The trial enrolled 1,401 men with non-metastatic CRPC and rapidly rising prostate-specific antigen (PSA) levels — a marker of disease progression — at more than 300 clinical sites across 32 countries.
Participants, who had no symptoms or other evidence of metastasis, were randomly assigned to either 160 mg of Xtandi (933 patients) or a placebo (468 patients) once daily, in addition to ADT.
The trial’s main goal was to assess metastasis-free survival, or the time until cancer spreading or death from any cause. Secondary goals included overall survival, time to PSA-based disease progression, time to first use of a subsequent anti-cancer therapy (including chemotherapy), and safety.
Results of a primary interim analysis in 2017 showed that adding Xtandi to ADT significantly prolonged metastasis-free survival and the time to use of new anti-cancer therapy by nearly two years (both 21.9 months), and the time to PSA-based progression by almost three years (33.3 months), compared with ADT alone.

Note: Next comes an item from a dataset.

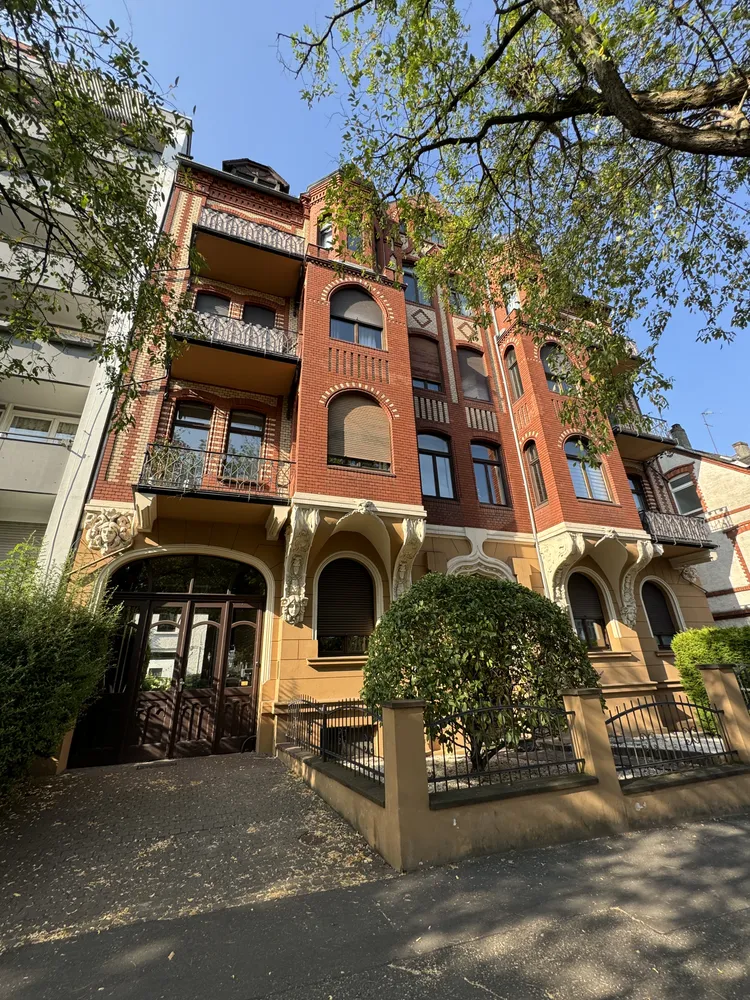 3 Zimmer Wohnung mit 98 m² in Wiesbaden – Bild 1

At a median follow-up of 23 months (nearly two years), median overall survival had not been reached in either group, meaning that more than half of men were still alive.
At this point, men in the placebo group were allowed to cross over to the Xtandi group, which 87 of the 114 people still on a placebo chose to do. These men received Xtandi for a median of 14.5 months.

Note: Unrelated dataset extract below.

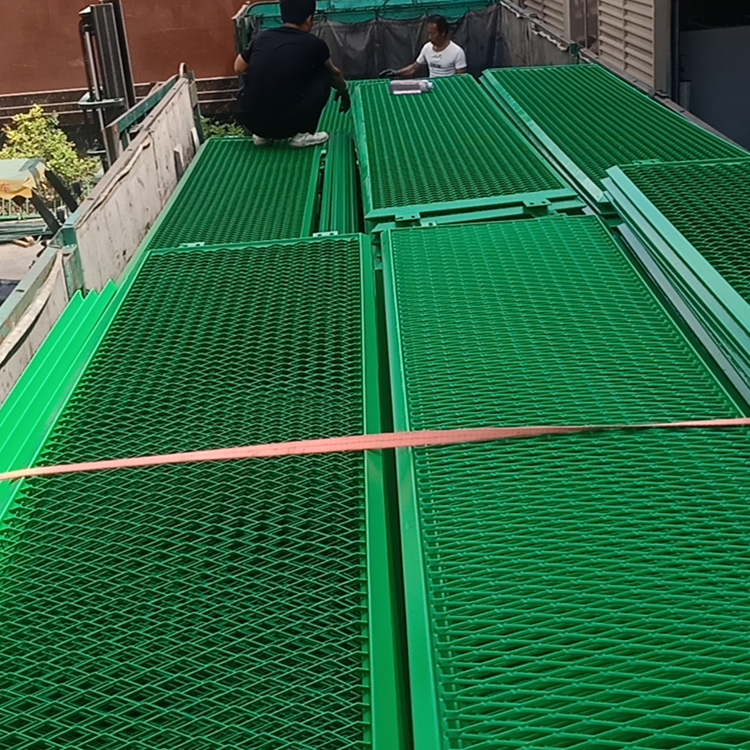 四川高速公路防眩網圖片2 四川高速公路防眩網圖片2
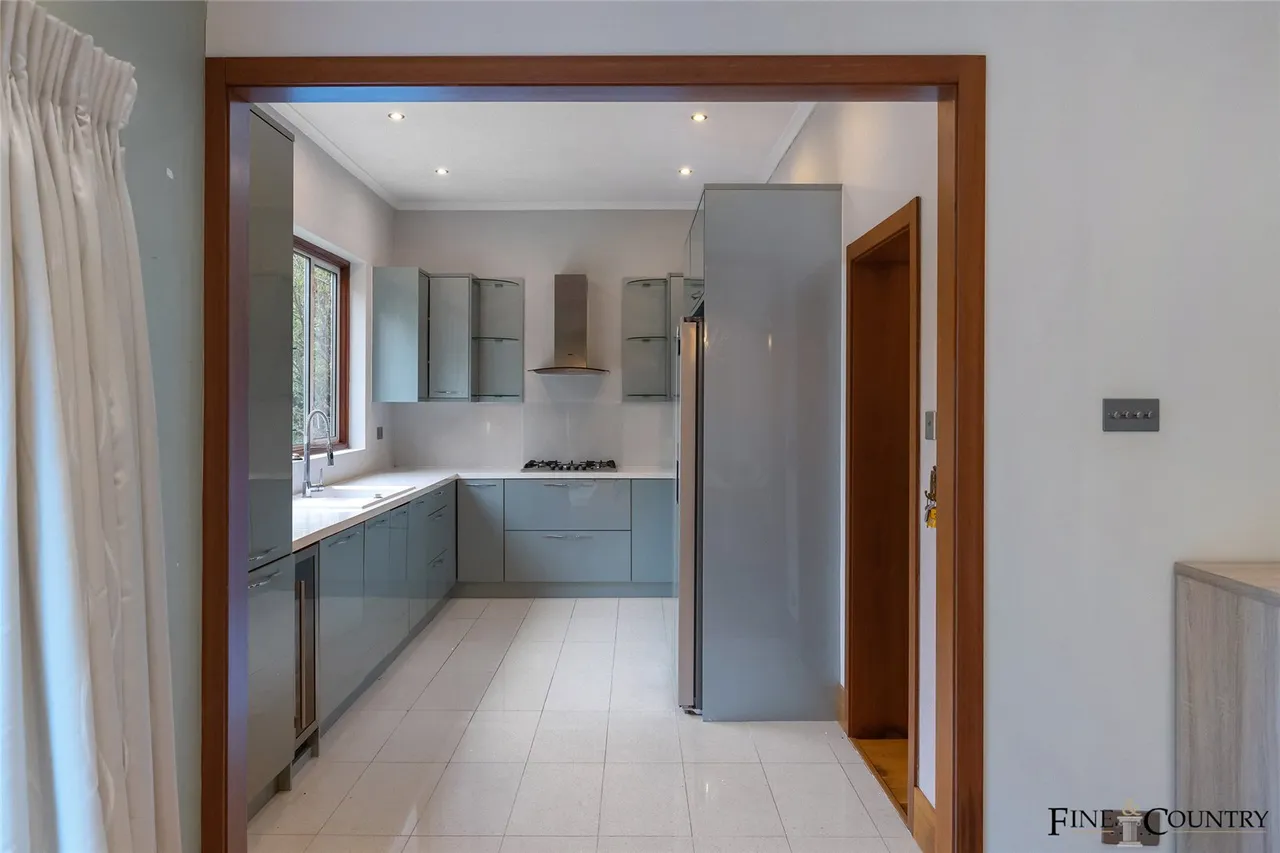 St. Gabriels Road, London, photo 6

At final data cut-off date (October 2019), patients had been followed for a median of 48 months (four years), with a median treatment duration of 33.9 months in the Xtandi group and 14.2 months in the placebo group.
Results showed that 288 men (31%) in the Xtandi group and 178 (38%) in the placebo group had died, and that adding Xtandi to ADT significantly extended the men’s lives by nearly a year compared with ADT alone (67 vs. 56.3 months).
This overall survival benefit reflected a 27% lowered risk of death in the Xtandi group.
Moreover, 33% of Xtandi-treated patients and 65% of those on a placebo (84% when including cross-over patients) started on a new anti-cancer therapy after treatment discontinuation. This treatment began after a median of 66.7 months in the Xtandi group and 19.1 months in the placebo group.
These findings highlighted that the combination therapy significantly lowered the risk of metastasis and death, and delayed the need for any subsequent anti-cancer therapy compared with standard ADT alone.
Xtandi’s safety profile was consistent with that reported in previous analyses and studies, with fatigue and musculoskeletal events (including muscle-related pain and stiffness, muscular weakness, and muscle spasms) most commonly reported side effects.
While a greater proportion of men in the Xtandi group experienced severe to life-threatening and serious adverse events than those on a placebo, these differences were mitigated after adjustment for total patient-years of exposure to treatment.
The most frequently reported adverse events leading to death were cardiovascular events — 2% in the Xtandi group and less than 1% in the placebo group — but most of these men had a significant history of cardiovascular disease, the researchers noted.
“Although none of the cardiovascular deaths were attributed to [Xtandi] by the investigators, physicians should be aware of the increased risk when determining whether a patient with preexisting cardiovascular disease should receive [Xtandi], and patients receiving this treatment should be followed closely,” they wrote.
In a separate Weill Cornell Medicine news story, Sternberg said “these results are extremely important,” and that patients treated with Xtandi “may live longer” without “too much toxicity.”
Trial findings also validated the use of metastasis-free survival as a meaningful clinical outcome and as a potential substitute for overall survival in this patient population.